How to discuss end-of-life options with seniors
While studies prove preplanning is common, it can still be difficult begin the conversation. Consider these easy tips on how to talk about end-of-life options:
1. Begin with permission
Don't stun a loved one by bringing up the topic randomly. Ask for permission to talk about end-of-life care, Caring Connections noted. Making sure he or she is prepared and willing to discuss the topic can help keep people calm and prevent emotions from arising. If your loved one isn't ready to talk about it right then, schedule a date to discuss it. Asking permission also shows that you're respecting his or her wishes, which can make him or her feel better about the concept.
2. Involve the family
Time magazine suggested that if you have several other siblings, get the whole family together to generate the conversation. This way, you can assign who will be responsible for elder care and speaking on behalf of the older adult. This step is important - you don't want to have to decide during an emergency. Inviting family may also make this conversation easier to discuss when several opinions are offered. Make sure everyone is on the same page. Keep the conversation warm, and offer your support for the loved one whenever possible. Show your understanding, both verbally and physically - nodding, touching and even hand holding can help make a senior more comfortable.

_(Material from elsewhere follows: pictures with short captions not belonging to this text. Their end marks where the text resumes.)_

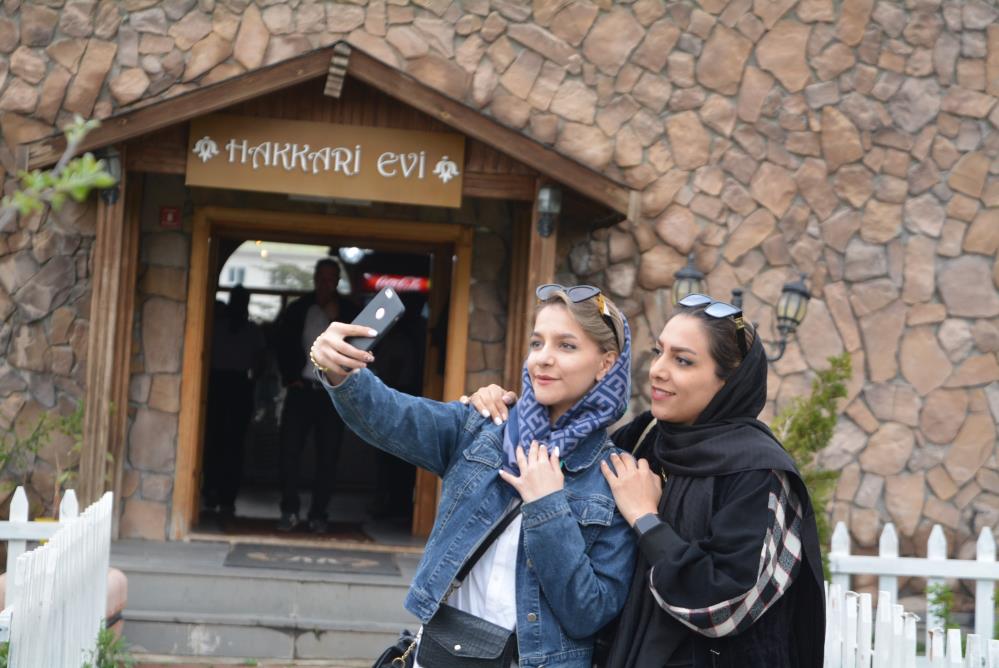 İranlı turizmciler Hakkari’ye hayran kaldı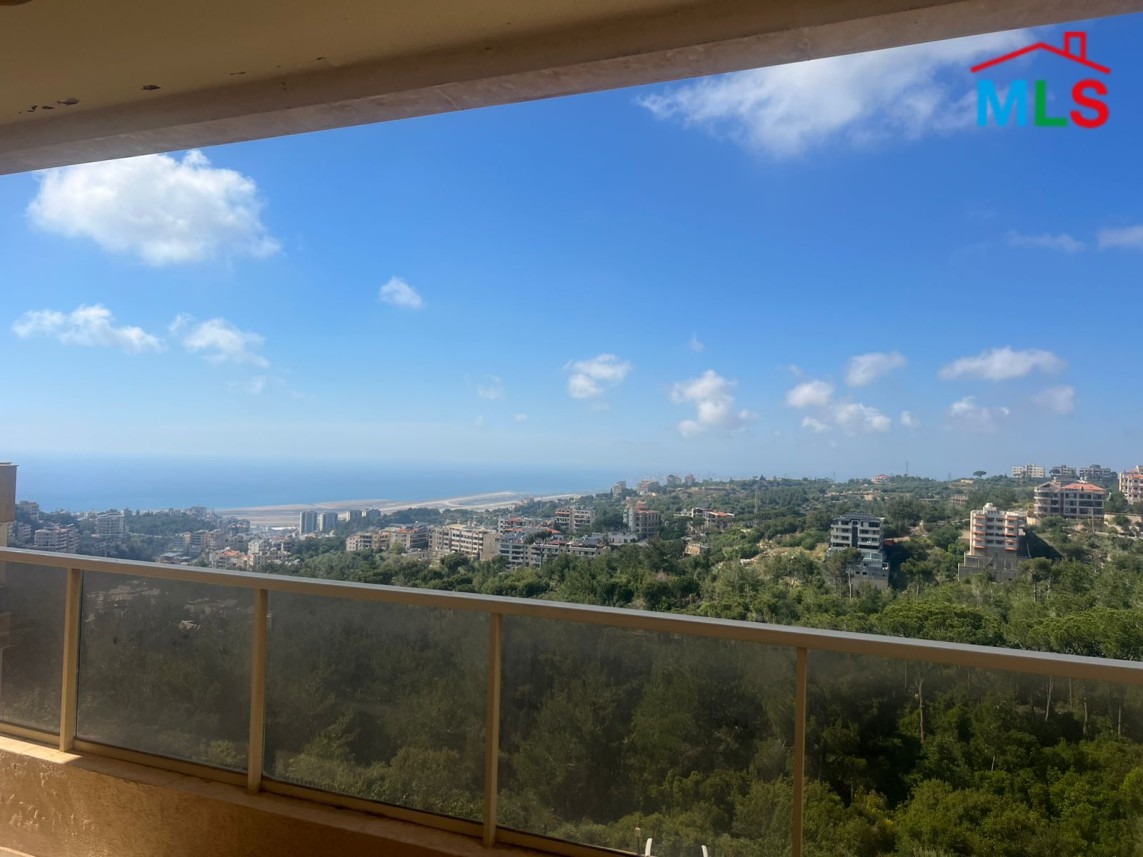 Apartment For Sale with Amazing View in Gated Community in Bchamoun, El Madares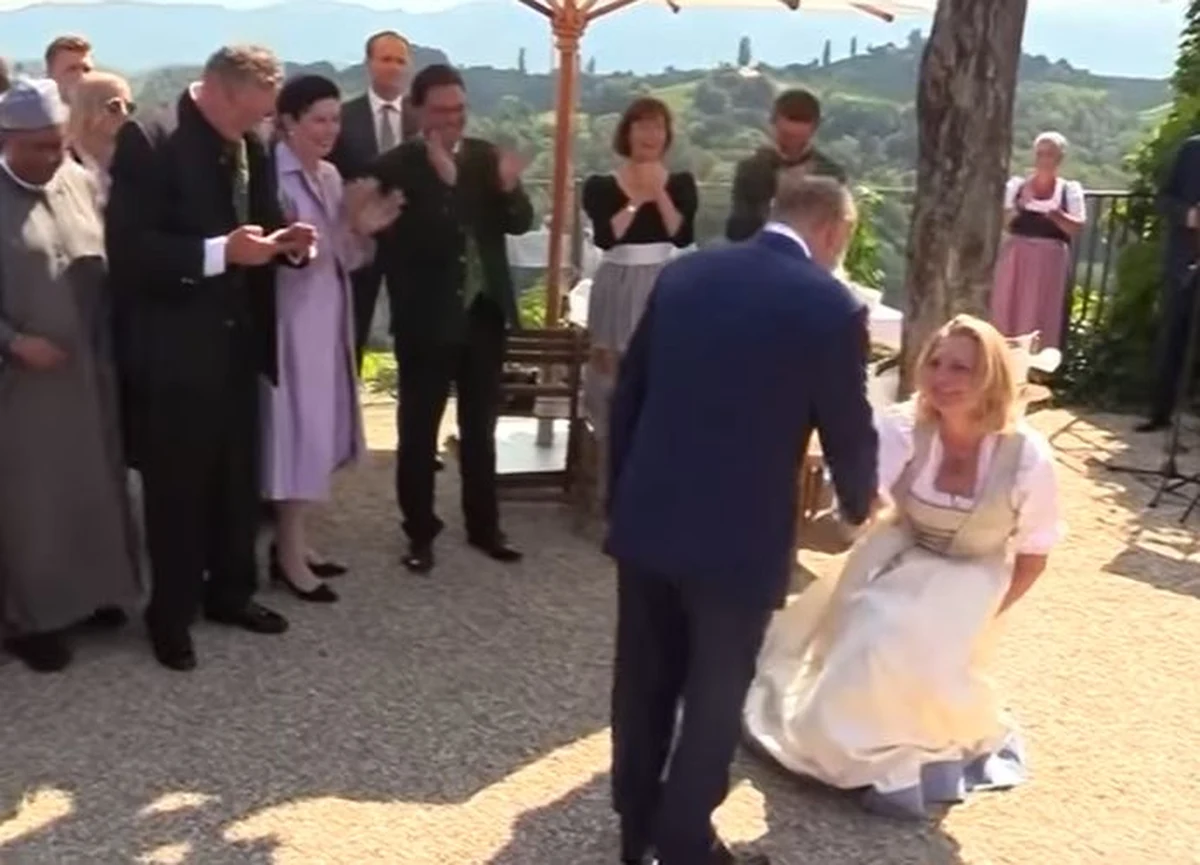 Karin Kneissl była ministrem spraw zagranicznych Austrii, zna politykę w Wiedniu i Brukseli od podszewki. Teraz ogłosiła, że będzie pracować dla Władimira Putina. Została szefową think tanku w Petersburgu - pisze portal dziennika "Welt", przypominając, że w 2018 r. Kneissl zaprosiła Putina na swoje wesele, "a nawet ukłoniła mu się po tańcu".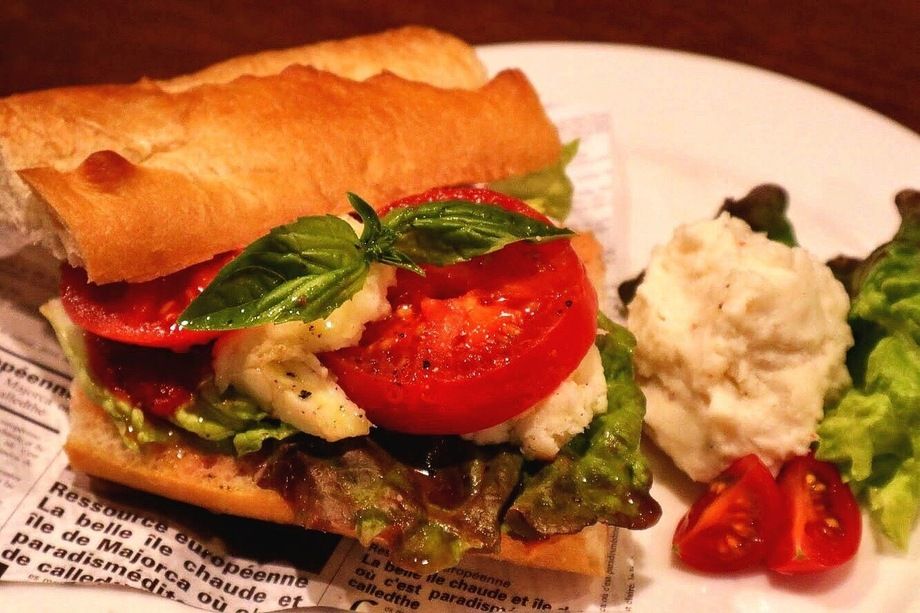 バケットサンドをお好みに合わせカスタマイズできます。（その数なんと！1670万通り！！）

3. Don't let the person get talked over
With the family together, it's important to prevent opinions from clashing, according to Caring Connections. Remind all family members ahead of time that this is a mature conversation, not a debate. In the end, it's not about what the family members want, it's about what the loved one wants. Any time the senior offers his or her opinion, listen and try to understand it. Clarify anything that seems unclear.
4. Address every detail
Time advised having a few questions prepared ahead of time so you don't forget anything. No stone should go unturned - ask about specific medical treatments, life support and even legal matters. By the end of the conversation, no one should have unanswered questions. Get all of these details in writing for legal purposes, and so you can remember it all.